Only text belongs in your copy of the listing below; reproduce it exactly and leave out the pictures.
╭─ Data section
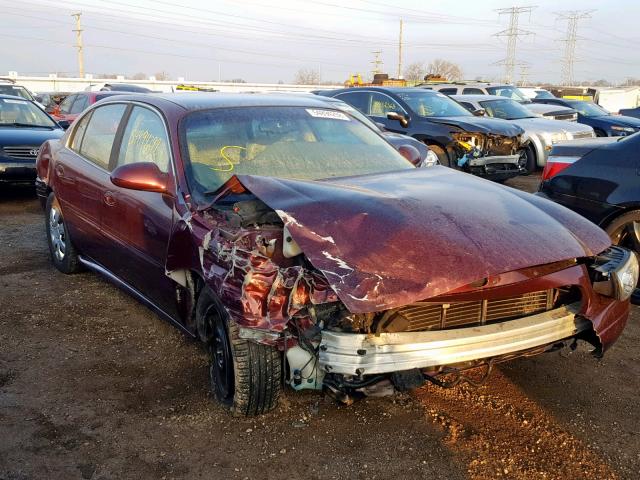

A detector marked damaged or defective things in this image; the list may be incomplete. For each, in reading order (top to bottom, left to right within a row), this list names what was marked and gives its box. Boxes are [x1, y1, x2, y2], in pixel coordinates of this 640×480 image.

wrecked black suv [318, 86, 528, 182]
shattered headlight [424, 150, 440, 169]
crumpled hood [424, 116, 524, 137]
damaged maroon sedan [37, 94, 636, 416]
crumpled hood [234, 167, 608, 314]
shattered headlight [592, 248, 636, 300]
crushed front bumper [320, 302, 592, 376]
╰─
- Answer space:
A detector marked damaged or defective things in this image; the list may be incomplete. For each, in reading order (top to bottom, left to right within a row), this list names what was marked and gives its box. Boxes are [x1, y1, x2, y2], in pixel coordinates of this 640×480 image.

wrecked black suv [318, 86, 528, 182]
shattered headlight [424, 150, 440, 169]
crumpled hood [424, 116, 524, 137]
damaged maroon sedan [37, 94, 636, 416]
crumpled hood [234, 167, 608, 314]
shattered headlight [592, 248, 636, 300]
crushed front bumper [320, 302, 592, 376]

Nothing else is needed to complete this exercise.